WRIGHT WAY: To love beyond toleration
Jul 17, 2013 | 1910 views | 0 0 comments | 145 145 recommendations | email to a friend | print
To learn to coexist together beyond the boundaries of toleration to actually loving those who are completely different from us, we need little more than to look deeply into our own religious book and remember how love identifies true believers.

Think about that and ask yourself if you believe it. In a world where thousands of religious beliefs define its people, have you ever wondered why these differences divide people who must coexist together?

Joshua Liebman said, “Tolerance is the positive and cordial effort to understand another’s beliefs, practices and habits without necessarily sharing or accepting them.”

That's not a bad start, is it? In his book “World Religions — From Ancient History to the Present,” Geoffrey Parrinder, a former professor of comparative religion at King’s College London, said, “To study different religions need not imply infidelity to one’s own faith, but rather it may be enlarged by seeing how other people have sought for reality and have been enriched by their search.”

Personally, I find it beneficial to know a little about a lot of different subjects, including people their language, culture and faith. At the very least I will be enlightened. It also makes everyone more interesting — including myself.

A similar attitude may have been adopted by the Apostle Paul who came in contact with people of different nationalities and faiths. How did he approach people with different beliefs?

At 1Corinthians 9:20-22 Paul said, “To the Jews I became as a Jew, that I might win Jews; to those who are under the law, as under the law, that I might win those who are under the law; to those who are without law, as without law (not being without law toward God, but under law toward Christ), that I might win those who are without law; to the weak I became as weak, that I might win the weak. I have become all things to all men, that I might by all means save some.” — New King James Version.
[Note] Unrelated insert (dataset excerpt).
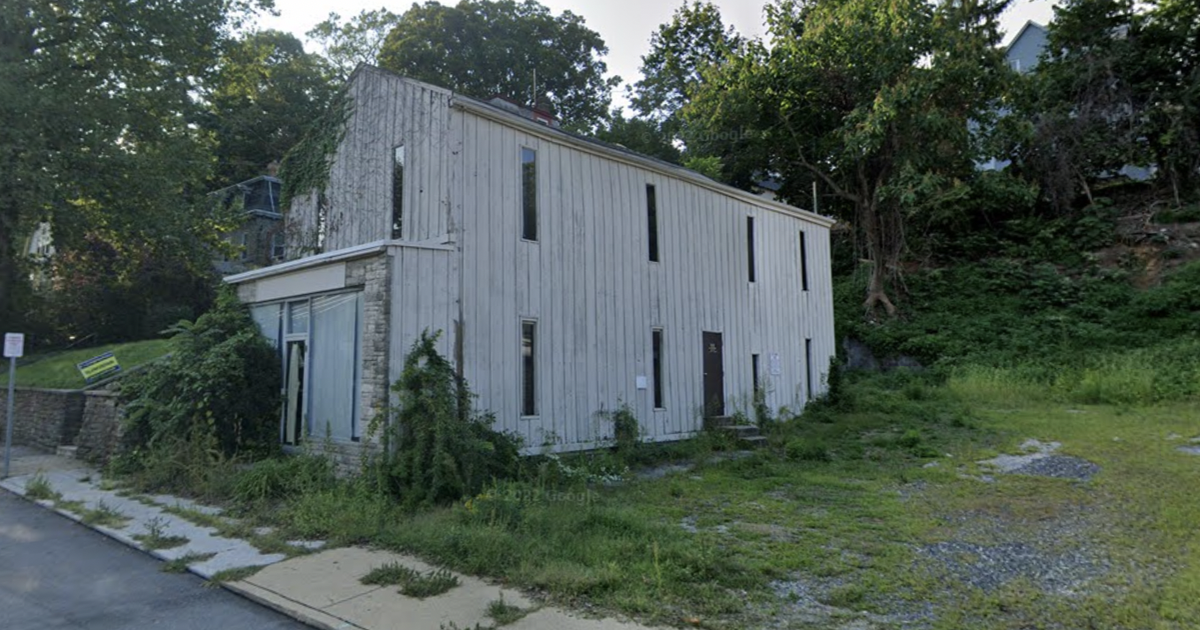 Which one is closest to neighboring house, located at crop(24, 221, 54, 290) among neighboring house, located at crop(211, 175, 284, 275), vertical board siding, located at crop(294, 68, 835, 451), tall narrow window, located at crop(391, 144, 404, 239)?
neighboring house, located at crop(211, 175, 284, 275)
Could increased knowledge of others lead to better understanding and such understanding lead to our being more than tolerant of people with different viewpoints?

In a world where most people follow the religious ideals of their parents and grandparents, many people’s faith has become a matter of tradition. Learning why people believe as they do, simply to be informed, can lead to more meaningful communication and conversation between people.

Of course, people may disagree about their beliefs. That’s OK. This is not about being converted, is it? It’s about trying to understand others. When you think about it, is that a basis for hating a person just because they hold a different viewpoint? What would that say about us?

Jonathan Swift said, “We have just enough religion to make us hate, but not enough to make us love one another.” That need not be true if we approach our differences with a sincere desire to understand.

For example, Buddhist scholar Dr. Walpola Rahula said, “A being is nothing but a combination of physical and mental forces or energies. Do all these forces and energies stop altogether with the non-functioning of the body? Buddhism says ‘No.’

“This is the greatest force, the greatest energy in the world. According to Buddhism, this force does not stop with the non-functioning of the body, which is death; but it continues manifesting itself in another form, producing re-existence which is called rebirth.”

Maybe you agree. Maybe not. Perhaps you believe the dead are unconscious, resting in peace, until a day of resurrection? You might believe, based on their actions, people are instantly sent to a place of eternal torment or heavenly bliss upon death? Maybe you believe when a person dies that is the end of all life forever?

Whatever you personally believe is your right and it should be respected. But does that mean it cannot be discussed reasonably?

For example, at the moment of conception, we inherit 50 percent of our genes from each parent. So, there is no way we can be 100 percent like someone in a previous existence, can we? Is the process of reincarnation or rebirth supported by any known principle of science? Why not sincerely ask a Buddhist and listen carefully?

Perhaps someone will ask you how one man can die for all the billions of people who have ever lived? What would you say? If people asked questions about each other’s beliefs to learn, not be converted, wouldn’t that go a long ways in promoting tolerance and understanding? Even Paul quoted from Greek poets in Acts 17:28.

Does my learning a little about Buddhism, Hinduism, Christianity, Judaism or Islam mean my views will change? Not necessarily. But if something is reasonable and rooted in truth, it may be worth looking into. If it promotes understanding and help people get along, why not show a little interest? Why not go beyond tolerating to investigating?

Perhaps someone will return the favor. Then we can share our faith, explain our beliefs, show others the honor they deserve and bring a little more harmony and understanding into this divided world. But clearly when Jesus said to "love thy neighbor" he was promoting a love beyond toleration.